Viewed in the context of the film – easily
the sunniest, least challenging feature to which maverick producer Anurag
Kashyap has yet put his name – the casting seems unlikely to generate further
outrage. It makes editorial sense, in a movie aiming for a mild form of social
commentary, to retain the services of two versatile actresses as greying,
latex-wrinkled fixed points as the world changes around them.
The real issue, as it can be within the
biopic, is predictability: every scene, emotional beat and plot progression
comes to feel entirely preordained.
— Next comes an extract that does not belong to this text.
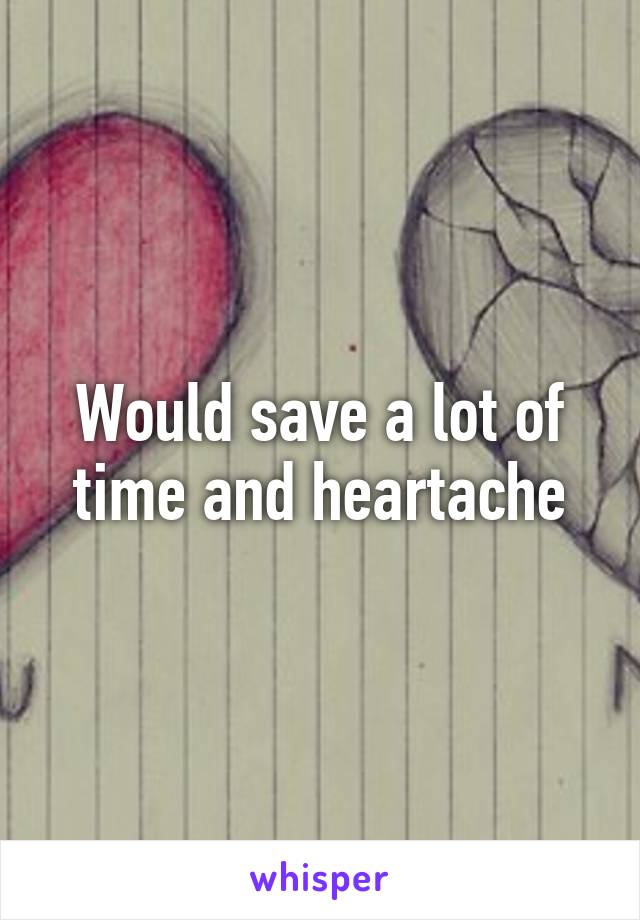 Would save a lot of time and heartache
Writer Balwinder Singh Janiya and director
Tushar Hiranandani know exactly the pushover crowd they’re targeting and shoot
directly for them, rarely if ever disrupting the air of hand-me-down history.
The Tomars start out veiled on the sidelines,
attending to their husbands’ washing and a growing army of children; it takes
an unmarried doctor with a self-built rifle range (Vineet Kumar Singh, from
Kashyap’s Mukkabaaz) to spring them from drudgery and coax out their
talents, chiefly an all-conquering calm focus cultivated over many decades in
their chaotic household.
Thereafter, with directorial newcomer
Hiranandani failing to find much in the way of dramatic shape or rhythm, we’re
offered one montage after another – albeit montages that boast the novelty of
seeing women with silver-flecked hair being put through their paces –
alternated with competition sequences that go much the way we expect.
Pannu and Pednekar fashion a bond you could easily cheer for, all sly sisterly looks that cut through long stretches of generally indifferent writing, and some attractive location work gives it the bare minimum of sweep. Still, it feels like a waste of rich narrative possibilities, as mechanically feelgood as those two dozen Britflicks that have cast Dames Dench, Smith et al. as old dears who shoot from the lip.
Saand Ki Aankh is now playing in cinemas nationwide.